Le motard italien Fabrizio Meoni négocie un passage près de la roche percée, le 10 janvier 2002, (Mauritanie).
Le motard italien Fabrizio Meoni négocie un passage près de la roche percée, le 10 janvier 2002, (Mauritanie).

En dix ans à la tête de la Mauritanie, Mohamed Ould Abdel Aziz a connu la gloire, le pouvoir et les honneurs. Moins de six mois après son départ de la présidence, il se retrouve totalement marginalisé, mis à l'écart par son successeur et ancien dauphin, Mohamed Ould Cheikh El Ghazouani.

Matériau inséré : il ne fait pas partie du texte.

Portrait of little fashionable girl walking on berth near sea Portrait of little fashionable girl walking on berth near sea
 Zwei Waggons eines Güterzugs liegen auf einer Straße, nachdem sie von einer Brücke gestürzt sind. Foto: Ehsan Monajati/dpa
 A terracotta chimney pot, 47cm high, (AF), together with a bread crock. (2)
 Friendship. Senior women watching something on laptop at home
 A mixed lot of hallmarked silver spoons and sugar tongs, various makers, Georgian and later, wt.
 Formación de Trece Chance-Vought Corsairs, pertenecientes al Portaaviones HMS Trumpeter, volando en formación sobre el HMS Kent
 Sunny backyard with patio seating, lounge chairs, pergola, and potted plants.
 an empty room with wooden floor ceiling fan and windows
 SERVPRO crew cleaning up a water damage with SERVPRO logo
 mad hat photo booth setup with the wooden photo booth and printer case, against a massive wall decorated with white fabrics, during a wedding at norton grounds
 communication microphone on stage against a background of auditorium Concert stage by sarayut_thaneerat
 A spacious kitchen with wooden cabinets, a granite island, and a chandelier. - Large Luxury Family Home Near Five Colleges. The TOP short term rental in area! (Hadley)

Pour l'ancien général, arrivé à la tête de ce vaste pays sahélien par un putsch en 2008, puis élu en 2009 et 2014, la chute est brutale, inattendue et amère.

Fort d'un bilan sécuritaire plus qu'honorable il est parvenu à maintenir le danger djihadiste, qui fait des ravages au Mali voisin, au-delà des frontières mauritaniennes et face à une opposition en grande partie muselée, il a longtemps été soupçonné de vouloir briguer un troisième mandat consécutif, interdit par la Constitution.

Mais Mohamed Ould Abdel Aziz a choisi de céder le relais, désignant comme dauphin l'un de ses plus fidèles compagnons d'armes, l'ancien chef d'état-major et ministre de la Défense Mohamed Ould Cheikh El Ghazouani, en qui beaucoup voient le vrai cerveau de la stratégie sécuritaire de ces dernières années.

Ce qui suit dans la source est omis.